Rocade L de Marseille: le racket du BTP en procès
Gros bras des quartiers Nord face aux gros sous du BTP: huit prévenus comparaissent à partir d’aujourd’hui à Marseille dans un dossier de racket d’entreprises du Bâtiment, emblématique d’une forme de criminalité le plus souvent subie en silence. Parmi les prévenus jugés devant le tribunal correctionnel, quatre hommes se sont attaqués à un gros morceau : l’un des plus importants chantiers de construction de la décennie à Marseille, la rocade autoroutière L2. Ils comparaissent pour extorsion, au préjudice de Bouygues notamment, soupçonnés d’avoir exigé des embauches, sans quoi le chantier ne pourrait pas continuer. L’affaire commence le 26 janvier 2015, à proximité de la cité PiconBusserine, par l’incendie spectaculaire d’engins de chantier, dont une foreuse sophistiquée de la société Bouygues Travaux Publics, une machine quasi unique en Europe. Préjudice : deux millions d’euros.
« Pas le choix »
Troublante coïncidence, trois jours plus tard, le responsable de ce chantier de la L2 reçoit un devis de la société Télésurveillance Gardiennage Intervention (TGI) pour assurer la sécurité des lieux. Brisant le silence qui entoure ce type de délits, un ingénieur de Bouygues porte plainte. L’un des principaux prévenus, Halid Compaoré, 39 ans est décrit dans l’enquête comme « l’incontournable détenteur du sésame ouvrant la voie au marché de la sécurité dans les quartiers Nord de Marseille ». Il s’en prenait aux entreprises du BTP, intimées d’embaucher du personnel de TGI, ou à d’autres entreprises de sécurité, obligées de verser leur dîme pour travailler. « Les sociétés n’ont pas le choix et doivent passer par lui», expliquera l’un de ses concurrents évoquant des menaces, notamment avec une arme: «Ces personnes font tout sous la force.» Un autre prévenu, «l’homme de main» Hadj Abdelkrim Bensaci, est incriminé par une écoute : on l’entend se préparer à menacer un responsable de chantier de le tuer, ou ses enfants, pour se faire remettre 12000 euros. «Pour nous, c’est des milliards», s’enflamme-t-il au téléphone. Pour le dédouaner, l’un de ses proches dira que cet homme de 41 ans «aboie plus qu’il ne mord»…

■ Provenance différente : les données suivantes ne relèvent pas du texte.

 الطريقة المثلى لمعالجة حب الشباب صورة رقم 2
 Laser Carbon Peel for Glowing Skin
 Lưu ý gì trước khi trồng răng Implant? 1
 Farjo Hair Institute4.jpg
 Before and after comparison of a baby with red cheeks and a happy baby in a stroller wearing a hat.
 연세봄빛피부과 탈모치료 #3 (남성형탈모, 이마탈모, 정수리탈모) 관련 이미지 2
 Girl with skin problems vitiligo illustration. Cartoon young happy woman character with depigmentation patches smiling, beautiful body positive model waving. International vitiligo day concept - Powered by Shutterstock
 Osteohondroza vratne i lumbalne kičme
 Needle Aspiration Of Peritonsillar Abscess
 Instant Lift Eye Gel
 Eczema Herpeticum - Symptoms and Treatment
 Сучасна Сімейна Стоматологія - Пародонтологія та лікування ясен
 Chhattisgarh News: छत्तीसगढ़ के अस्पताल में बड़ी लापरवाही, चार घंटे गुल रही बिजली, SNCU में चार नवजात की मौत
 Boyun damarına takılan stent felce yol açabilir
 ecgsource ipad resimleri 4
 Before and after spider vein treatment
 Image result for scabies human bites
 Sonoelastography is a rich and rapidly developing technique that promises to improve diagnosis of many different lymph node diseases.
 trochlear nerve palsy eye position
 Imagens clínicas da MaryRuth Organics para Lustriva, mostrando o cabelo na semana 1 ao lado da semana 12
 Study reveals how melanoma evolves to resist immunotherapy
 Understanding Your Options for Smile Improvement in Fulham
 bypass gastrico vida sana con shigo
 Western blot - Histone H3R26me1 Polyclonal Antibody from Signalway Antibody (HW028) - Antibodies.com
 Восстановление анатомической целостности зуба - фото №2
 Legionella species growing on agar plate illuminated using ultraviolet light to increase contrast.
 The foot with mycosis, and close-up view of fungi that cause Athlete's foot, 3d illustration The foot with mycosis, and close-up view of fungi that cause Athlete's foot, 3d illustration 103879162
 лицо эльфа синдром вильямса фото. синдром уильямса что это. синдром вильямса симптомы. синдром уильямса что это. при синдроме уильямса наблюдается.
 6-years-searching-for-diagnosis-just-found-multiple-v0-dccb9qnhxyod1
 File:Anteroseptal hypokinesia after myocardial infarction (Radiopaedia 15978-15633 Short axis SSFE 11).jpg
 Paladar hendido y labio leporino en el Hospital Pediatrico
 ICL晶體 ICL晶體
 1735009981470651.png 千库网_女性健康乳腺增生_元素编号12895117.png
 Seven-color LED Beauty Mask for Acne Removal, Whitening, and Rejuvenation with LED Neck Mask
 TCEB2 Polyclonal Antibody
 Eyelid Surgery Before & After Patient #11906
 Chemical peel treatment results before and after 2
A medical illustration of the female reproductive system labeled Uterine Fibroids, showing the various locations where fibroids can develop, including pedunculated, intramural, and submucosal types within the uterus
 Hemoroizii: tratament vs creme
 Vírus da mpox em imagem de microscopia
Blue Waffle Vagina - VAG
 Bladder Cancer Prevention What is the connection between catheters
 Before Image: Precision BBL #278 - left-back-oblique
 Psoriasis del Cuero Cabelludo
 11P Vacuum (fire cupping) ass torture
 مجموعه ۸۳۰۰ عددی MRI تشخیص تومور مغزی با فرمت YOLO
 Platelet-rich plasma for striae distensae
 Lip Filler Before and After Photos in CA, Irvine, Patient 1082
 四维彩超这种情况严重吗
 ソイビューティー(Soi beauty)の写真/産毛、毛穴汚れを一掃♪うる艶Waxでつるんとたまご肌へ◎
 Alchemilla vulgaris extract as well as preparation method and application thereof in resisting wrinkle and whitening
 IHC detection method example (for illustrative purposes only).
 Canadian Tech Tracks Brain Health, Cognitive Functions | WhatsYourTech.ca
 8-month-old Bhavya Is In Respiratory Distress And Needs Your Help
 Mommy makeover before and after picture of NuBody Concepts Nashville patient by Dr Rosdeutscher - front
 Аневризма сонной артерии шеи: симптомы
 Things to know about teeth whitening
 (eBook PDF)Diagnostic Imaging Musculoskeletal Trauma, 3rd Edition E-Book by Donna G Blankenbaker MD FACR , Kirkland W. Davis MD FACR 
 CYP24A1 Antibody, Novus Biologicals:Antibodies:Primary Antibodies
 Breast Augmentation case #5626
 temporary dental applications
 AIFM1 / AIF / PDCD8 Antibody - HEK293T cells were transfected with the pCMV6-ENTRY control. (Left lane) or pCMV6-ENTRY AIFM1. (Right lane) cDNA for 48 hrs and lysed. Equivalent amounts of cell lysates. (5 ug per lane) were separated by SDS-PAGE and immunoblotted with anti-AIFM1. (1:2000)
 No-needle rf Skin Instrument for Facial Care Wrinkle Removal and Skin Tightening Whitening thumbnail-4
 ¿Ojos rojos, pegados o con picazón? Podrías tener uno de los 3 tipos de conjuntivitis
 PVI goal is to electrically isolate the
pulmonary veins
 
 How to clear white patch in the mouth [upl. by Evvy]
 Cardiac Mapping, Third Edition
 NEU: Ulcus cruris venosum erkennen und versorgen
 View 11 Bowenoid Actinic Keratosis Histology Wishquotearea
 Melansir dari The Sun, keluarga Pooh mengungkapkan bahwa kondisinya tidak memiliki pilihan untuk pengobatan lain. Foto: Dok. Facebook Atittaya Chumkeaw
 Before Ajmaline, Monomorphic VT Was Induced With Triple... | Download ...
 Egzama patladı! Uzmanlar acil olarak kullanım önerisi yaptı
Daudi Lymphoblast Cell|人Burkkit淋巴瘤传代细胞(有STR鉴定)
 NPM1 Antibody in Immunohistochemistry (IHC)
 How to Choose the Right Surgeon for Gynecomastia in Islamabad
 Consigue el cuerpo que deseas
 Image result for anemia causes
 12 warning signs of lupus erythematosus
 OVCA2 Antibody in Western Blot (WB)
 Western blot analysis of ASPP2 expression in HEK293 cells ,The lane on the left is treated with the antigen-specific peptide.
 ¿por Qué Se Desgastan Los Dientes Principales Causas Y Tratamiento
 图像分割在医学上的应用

Un médiateur de 45 ans, Karim Ziani, dirigeant du club de foot de la cité (et homonyme d’un international algérien qui a notamment joué à l’OM), devra également s’expliquer. C’est lui qui a mis en relation les racketteurs et les responsables du chantier de la L2… à la demande de ces derniers. Anticipant des difficultés dans ce quartier sensible, ils avaient demandé à rencontrer un « facilitateur ».
Un demi-million sur une quinzaine de comptes
Pour les enquêteurs, il est un rouage essentiel du racket, qui agissait «en connaissance de cause». Alarmiste, Karim Ziani affirmait que «la pression » montait et qu’il ne pourrait « plus rien maîtriser » si des habitants de la cité n’étaient pas embauchés par l’intermédiaire de la société TGI. Il aurait aussi lâché aux entrepreneurs que Compaoré avait mis le feu la foreuse. A la barre, comparaîtra également le gérant de TGI, Rafik Zeroual, 43 ans, pour complicité. Lui semblait se contenter de passer des ordres et de prélever son pourcentage : 7 000 à 8 000 euros par mois, de son propre aveu. Dans ce dossier, près de 500000 euros ont été saisis au total, sur une quinzaine de comptes. Outre le volet extorsion, les prévenus devront répondre d’une multitude de délits financiers: les sociétés ne payaient pas d’impôts, réglaient les salaires en liquide, ne disposaient d’aucune habilitation…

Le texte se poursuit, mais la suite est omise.